◆ **Extracted information**
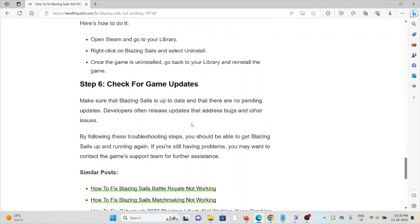Finally, the sixth step is check for game updates. If you are using the old version, try to use the latest updated version. This will remove any kind of bugs or issues present in your system.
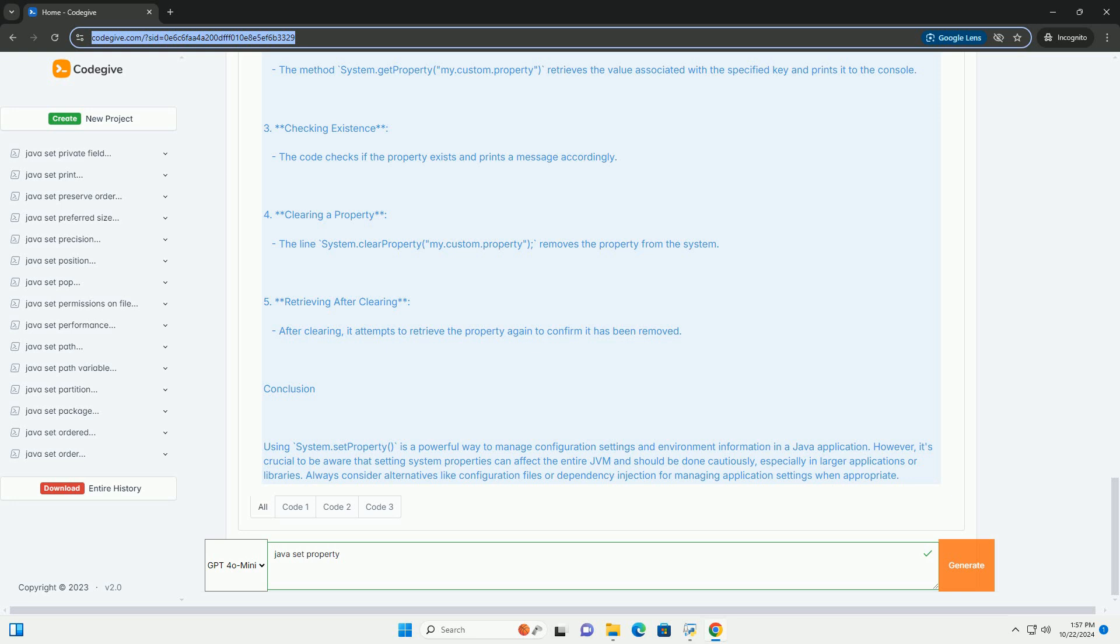Conclusion: Using System.setProperty is a powerful way to manage configuration settings and environment information in a Java application. However, it's crucial to be aware that setting system properties can affect the entire JVM and should be done cautiously, especially in larger applications or libraries. Always consider alternatives like configuration files or dependency injection for managing application settings when appropriate.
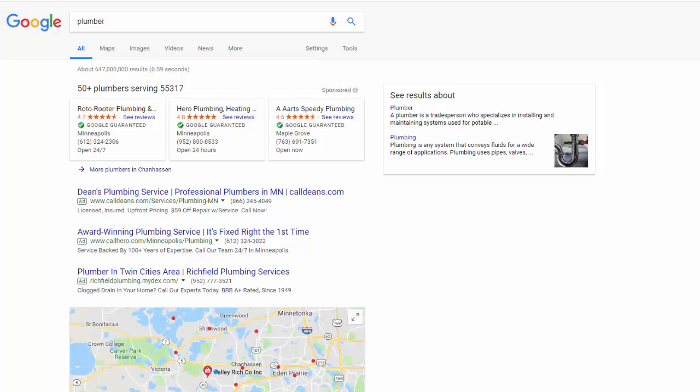Mike Mancini here with ppcvideotraining.com. Today we are talking about why your Google Ads — formerly known as AdWords — are not showing up when you do a search for them. Inevitably when I'm working with a client, I will get a phone call and they will say, I just did a search for my ad, why is it not showing up? We're going to show you why. Stay tuned.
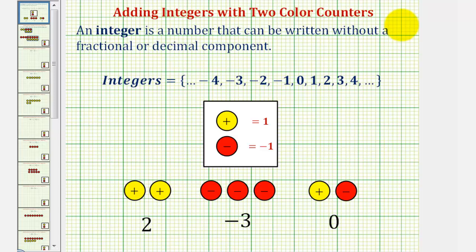Welcome to a second lesson on adding integers with two color counters. In this lesson, we'll look at examples of adding integers with different signs.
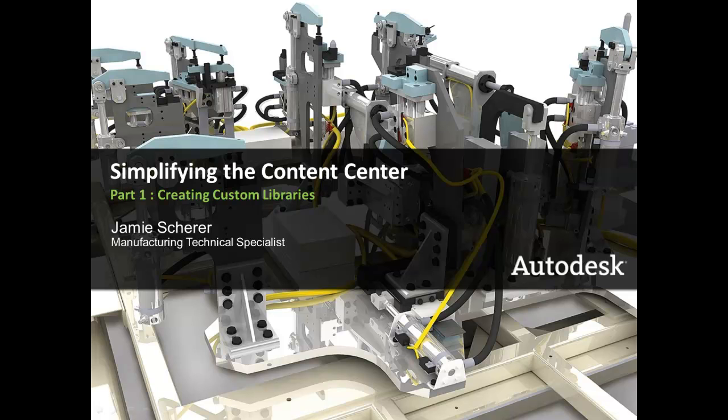Hello, my name is Jamie Scherer, a Manufacturing Technical Specialist with Autodesk. This is part one of a video series about simplifying the Inventor Content Center. This video covers how to configure the Content Center and create a custom library.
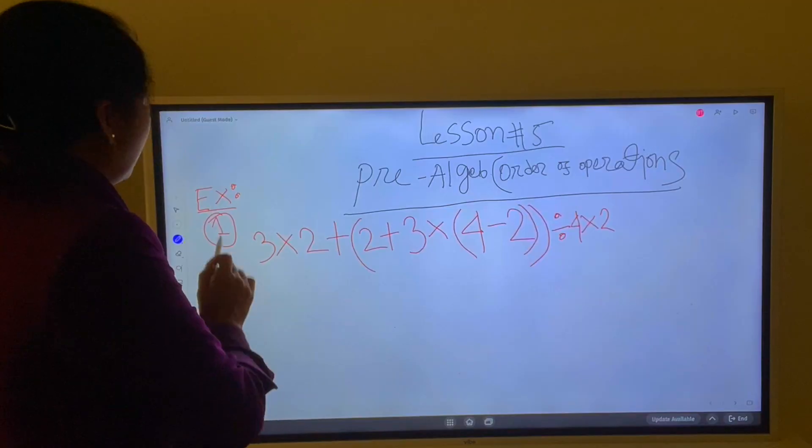Hello everyone, this is Shai Dabbi. I am in New York City, and welcome to our Pre-Algebra class, Lesson 5.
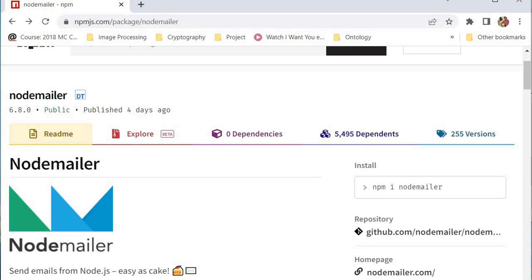Hello, everybody. Welcome to Coding 101. My name is Kutler. And in today's tutorial, I'm going to teach you how to send an email — like a literal live email — using Node.js or JavaScript.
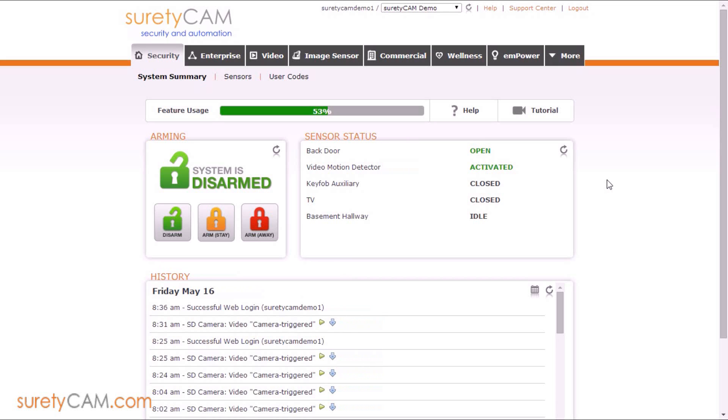Hi, this is Jason with SuretyCam Security and Automation, and in this video, I want to give you guys a few quick tips on how to manage user codes for your alarm panel through your alarm.com account.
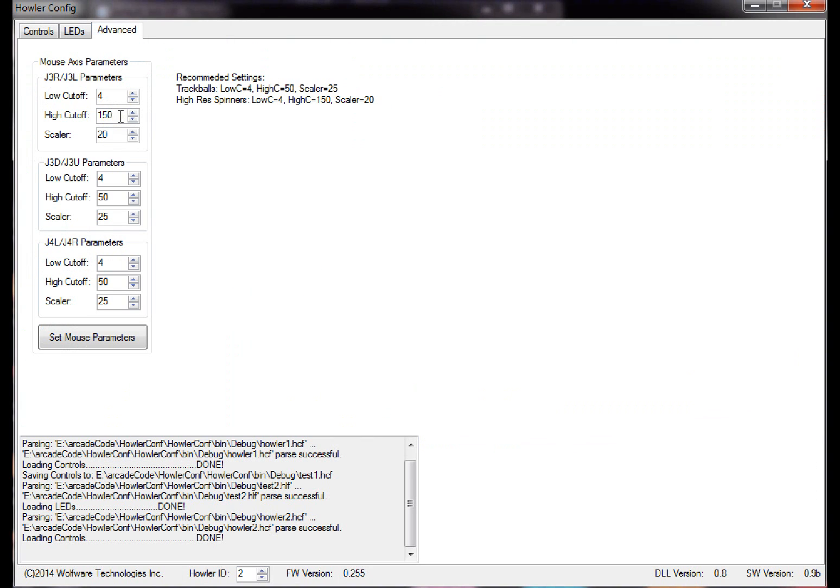My spinner, the high cutoff, it's a very sensitive one, it's a groovy game gear one. So you want to set your scaler a little lower than 25%. I set it for 20%, and then my high cutoff I set for 150% because if you want to go really quickly, if you set it too low, it'll just stick.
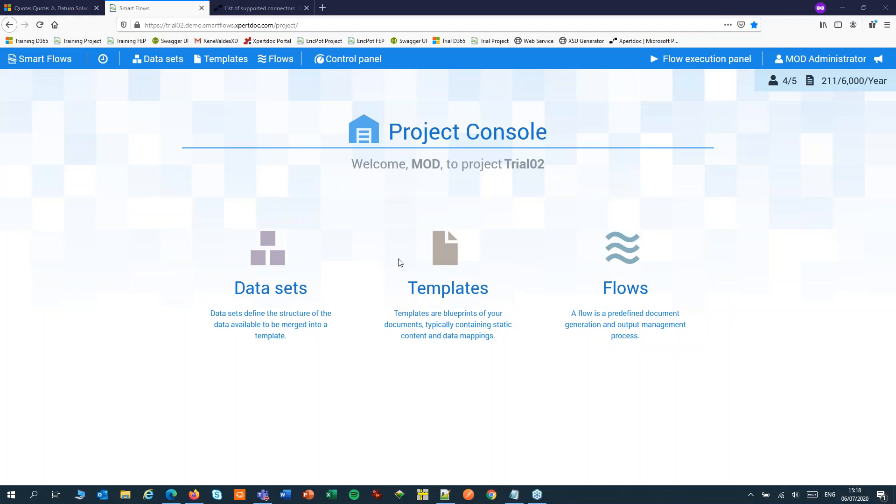Welcome to ExpertDoc SmartFlows. My name is Eric Pott. Today we'll start a Power Automate Flow from an ExpertDoc SmartFlow.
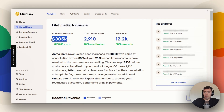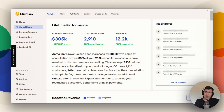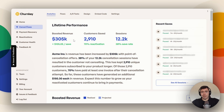So right here, this boosted revenue — this is basically all the money that you would never have made if you weren't using a cancel flow. And you can see for this business in particular, it is quite a lot of money — a nice little chunk of change, especially for what they're paying us.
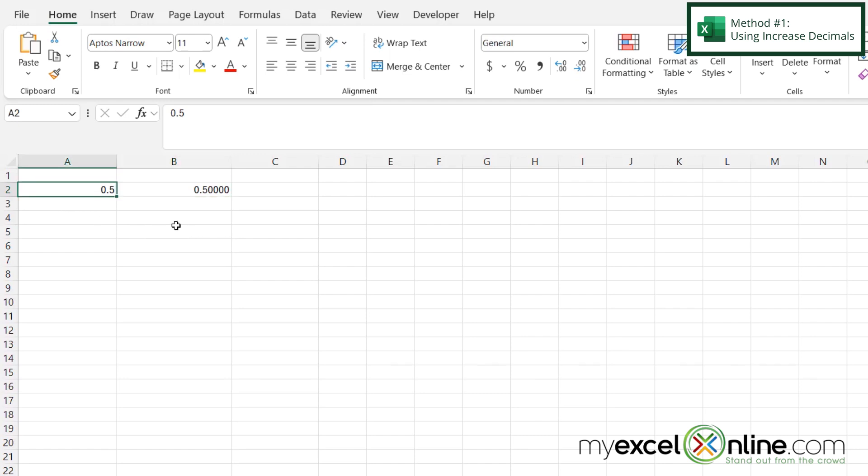So if I click in A2 and I wanted it to look like B2, I have a couple of different options. You see how I have four trailing zeros right here, but I have none right here.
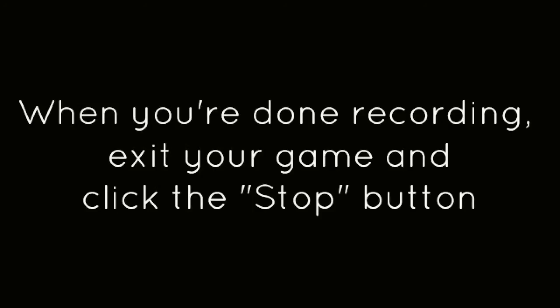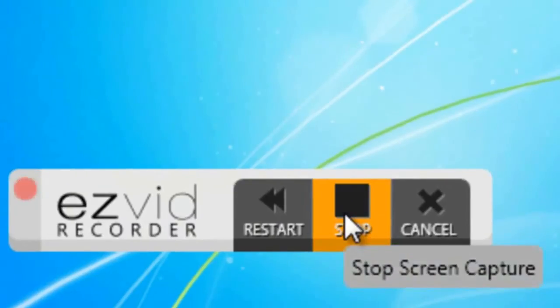When you're done recording, exit your game and click the Stop button.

◆ **Activity**
Skipping every picture, transcribe exactly the lines above from the one containing "Mike Mancini here" through the one containing "Welcome to a", both included.

◆ **Answer section**
Mike Mancini here with ppcvideotraining.com. Today we are talking about why your Google Ads — formerly known as AdWords — are not showing up when you do a search for them. Inevitably when I'm working with a client, I will get a phone call and they will say, I just did a search for my ad, why is it not showing up? We're going to show you why. Stay tuned.
Welcome to a second lesson on adding integers with two color counters. In this lesson, we'll look at examples of adding integers with different signs.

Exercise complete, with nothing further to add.